- Developer(s): Arc System Works
- Publisher(s): Aksys Games
- Platform(s): Wii (WiiWare)
- Release: JP: March 10, 2009; NA: June 22, 2009; PAL: April 2, 2010;
- Genre(s): Sports
- Mode(s): Single-player, Multiplayer

= Family Mini Golf =

2009 video game

Family Mini Golf (Okiraku Putter Golf in Japan) is a miniature golf video game developed by Arc System Works for WiiWare. It was released in Japan on March 10, 2009, in North America on June 22, 2009 and in the PAL region on April 2, 2010.

== Gameplay ==
Similar to Family Table Tennis and Family Glide Hockey, players control a member of a family, including a mother, father, son (Billy), and daughter (Sarah), to play against another in a round of mini golf.

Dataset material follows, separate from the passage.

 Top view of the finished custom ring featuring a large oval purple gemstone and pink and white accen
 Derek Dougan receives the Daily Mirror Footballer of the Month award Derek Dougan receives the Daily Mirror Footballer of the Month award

The game features three, 9-hole courses, with an additional three available as paid downloadable content.
Each 9 level pack is 200 Wii Points each. The game is 500 Wii Points itself so it's 1100 Wii Points in all.

==Reception==

IGN called the game a "frustratingly un-fun effort", and were left confused by the controls which were at odds to the instructions in the game's operations manual. However, Nintendo Life found no apparent issue, praising their simplicity as well as the design of the courses, and thought the game excelled in multiplayer.